The New Jersey Natural Heritage Program is part of an international network including State Natural Heritage Programs and Conservation Data Centers, all building on the same data collection methodology. The Database is updated continuously and is used to set state, national, and global priorities for the preservation of natural diversity.

The Natural Heritage Database
The Natural Heritage Database is a continuously updated inventory of rare plants and animal species and representative ecological communities in New Jersey. It is the state's most comprehensive, centralized source of information on rare plants, animals, and natural communities. The Database is a compilation of information from a broad range of sources including museum and herbarium collection records, publications, knowledgeable experts, and fieldwork. It contains information collected by the Office of Natural Lands Management on rare plants, animals, and ecological communities as well as data on rare animals provided by the Endangered and Nongame Species Program. The Database is continuously updated and improved as new data is obtained. Information from this database is available to assist individuals in the preservation of habitat for rare species and ecological communities.

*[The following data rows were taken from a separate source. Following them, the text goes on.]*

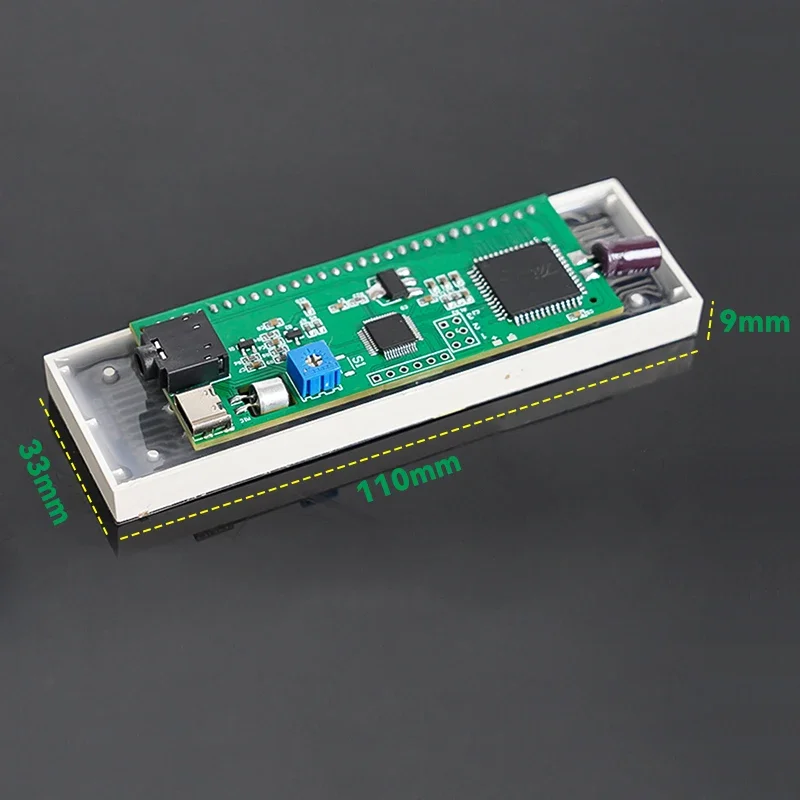 Spettro musicale a LED Indicatore di livello audio a LED Pickup Luce del ritmo 12V 24V Amplificatore VU Meter per lampade d'atmosfera per lettore di auto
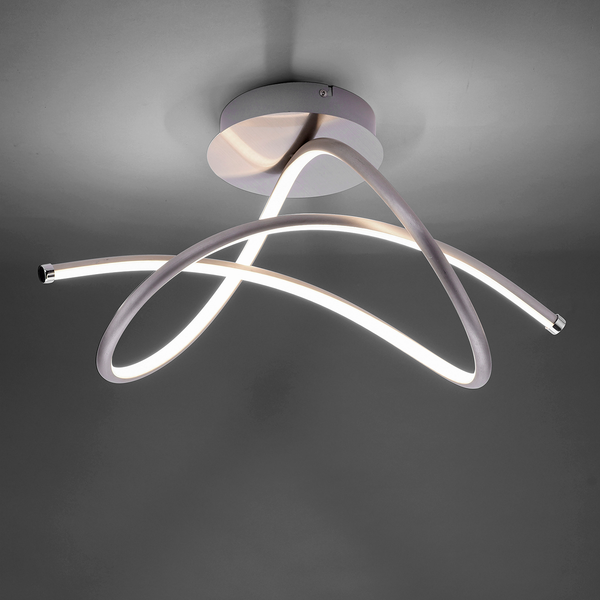LED-Deckenleuchte Violetta - Silikon  - 1-flammig - Silber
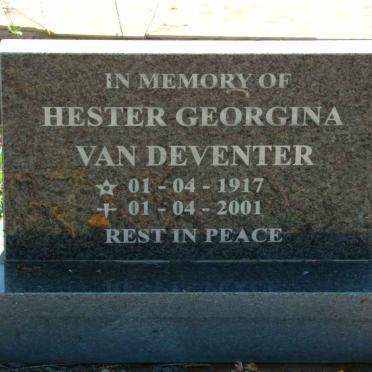 DEVENTER Hester Georgina, van 1917-2001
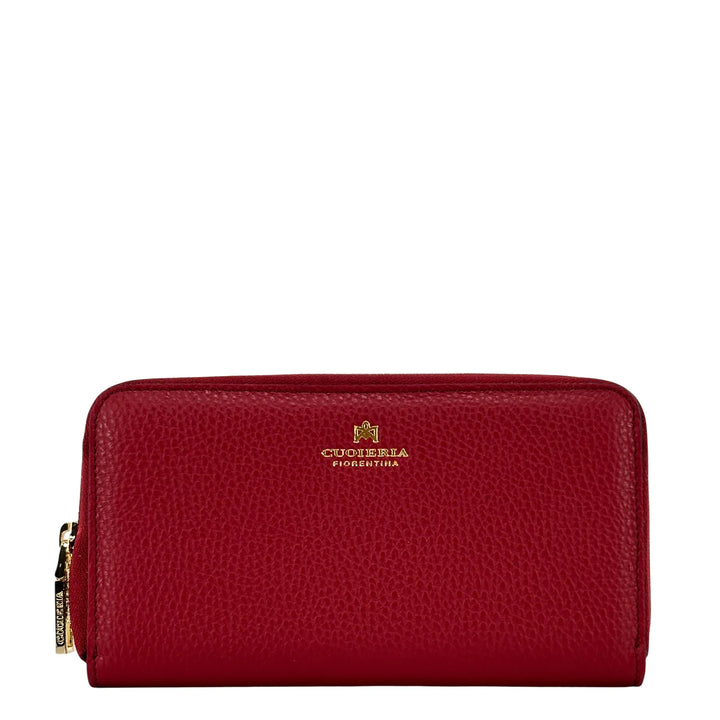 Cuoieria Fiorentina, Portafogli, Donna, Pelle, Rosso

Information Available from the Database

  • Tracks the status of more than 1000 species of plant and animals and more than 50 ecological communities that are exemplary, rare, or imperiled at the state or global level.
  • Contains more than 11,000 records of locations for rare plants, animals, and ecological communities.
  • Offers detailed, centralized information to help make land-use decisions.
  • Includes officially listed endangered species from the Federal Endangered Species Act, the State Endangered Species Act, the State Endangered Plant Species List Act, the State Endangered and Nongame Wildlife Act, and additional rare species that have not been listed officially.
Land-Use Planning - Balancing Our Needs
As New Jersey continues to experience industrial and economic growth, it is imperative that we take steps to ensure that remaining areas of natural significance be preserved for their resource potential, their educational and research use, and their aesthetic and cultural values for present and future generations. As we become more aware of our dependence on our natural environment for our well-being and ultimate survival, we must answer one question: how can we best preserve our irreplaceable natural heritage?

The protection of New Jersey's natural heritage can be accomplished in harmony with older human concerns as long as planning accompanies growth. Information from the Database facilitates the sound evaluation of lands by ecological resources in the state and focusing on the most threatened significant natural areas.

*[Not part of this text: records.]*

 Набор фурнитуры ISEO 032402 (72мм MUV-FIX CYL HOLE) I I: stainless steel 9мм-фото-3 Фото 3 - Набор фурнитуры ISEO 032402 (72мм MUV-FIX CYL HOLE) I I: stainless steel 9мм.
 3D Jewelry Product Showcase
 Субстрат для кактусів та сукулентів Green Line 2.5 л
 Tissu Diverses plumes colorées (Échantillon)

Resource planners can save time and money by referring to the Database for comprehensive Natural Heritage data.

The Database can be used to help:

  • Prepare environmental impact assessments.
  • Identify the highest quality areas for natural diversity and those areas in most need of protection.
  • Supplement field surveys conducted to assess project impacts on natural diversity.
  • Plan government, commercial, and residential development.
  • Foresee potential problems related to development in specific areas before commitments are made by planners, developers, and government.
  • Minimize adverse impacts on the environment.
  • Avoid unnecessary conflicts and costs.

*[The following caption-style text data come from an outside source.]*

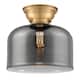 Option Brushed Brass / Light Smoke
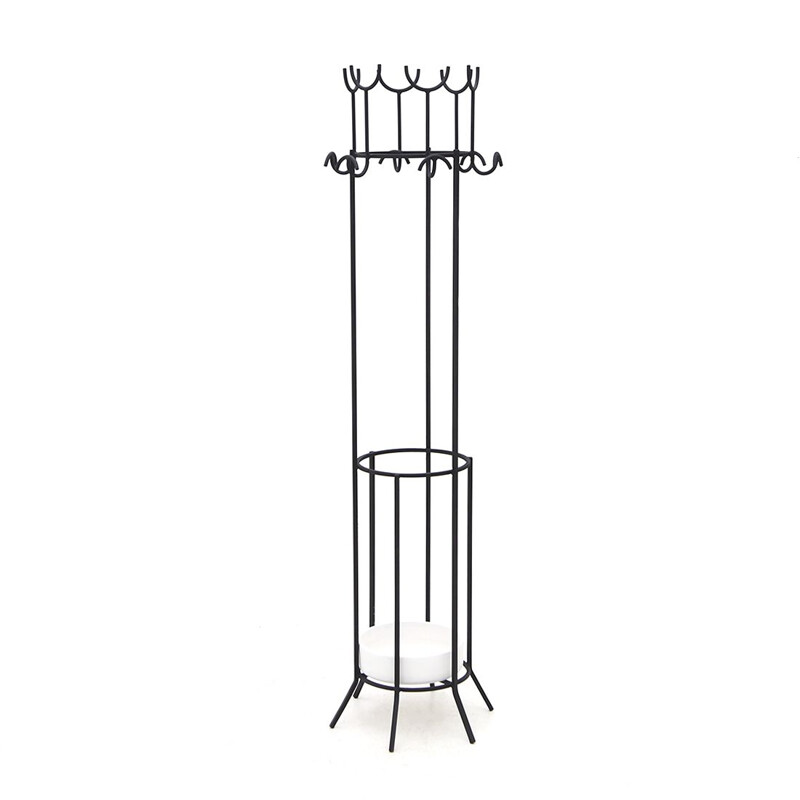 Vintage metal coat rack by Campo and Graffi for Home, 1970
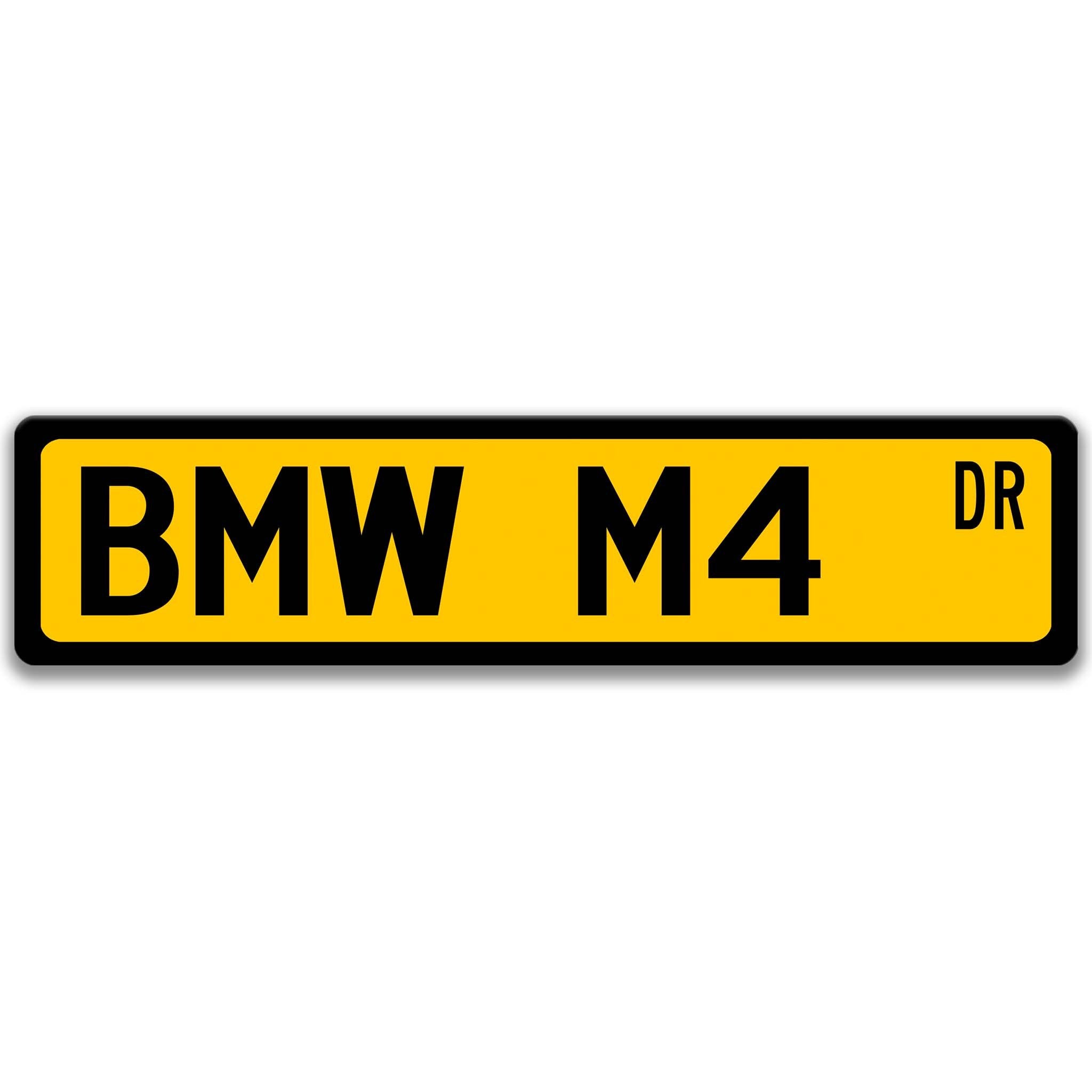 BMW M4 Metal Street Sign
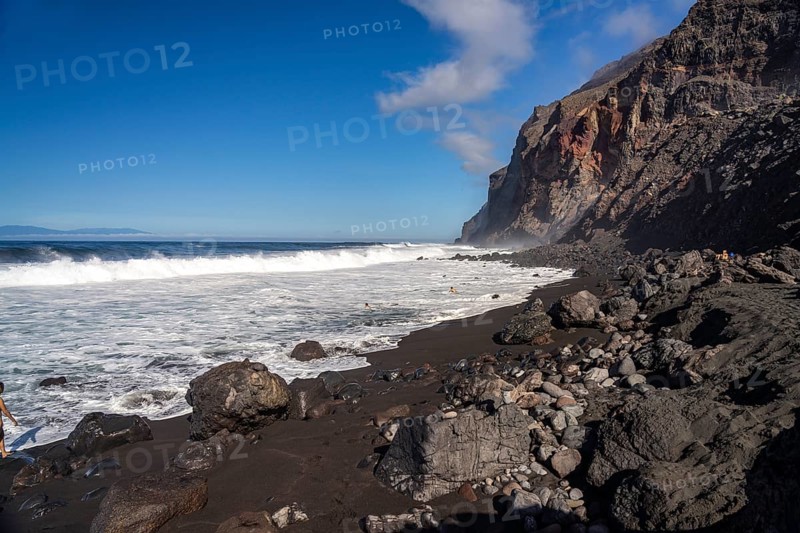 Playa del Inglés beach, Valle Gran Rey, La Gomera, Canary Islands, Spain, Europe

Very simply, the best decisions are made when the most information is available. In the past, the lack of this information severely hampered the decision-making process. By offering a scientific overview of New Jersey's natural assets, the Natural Heritage Database enables our citizens to chart the course of development wisely and well.

Making a Data Request

To request data, please email, mail or fax a written request stating your data needs and include a completed Natural Heritage Data Request Form with attachments. Include the following information:

  • Name and address of user or organization
  • Type of data needed
  • Copy of USGS quad with exact boundaries
  • Explanation of how the information will be used

Data requests are processed in the order in which they are received; please allow 30 days for response. Due to the number of attachments, we cannot fax results.  Unless you specifically request that your response be mailed or the response is unusually large, your response will be emailed to the address you provide. 

Fees: Fees are charged to cover the cost of providing data services. The hourly fee for Natural Heritage Data Review Services is $70. A bill will be sent with the request response and payment should be made by check or money order payable to "Office of Natural Lands Management." A fee estimate can be given prior to initiating a search. Send data requests to:

State of New Jersey Department of Environmental Protection
Natural Heritage Data Request Form
The New Jersey Natural Heritage Program
DEP - Office of Natural Lands Management
Mail Code 501-04
P.O. Box 420
501 E. State Street
Station Plaza #5, 4th Floor
Trenton, New Jersey 08625-0420
Phone No. (609) 984-1339
Fax No.: (609) 984-1427

Contributing Data
The people of New Jersey are the caretakers of their state's natural heritage. Everyone's support is needed to safeguard our treasury of natural lands and the life they harbor for future generations.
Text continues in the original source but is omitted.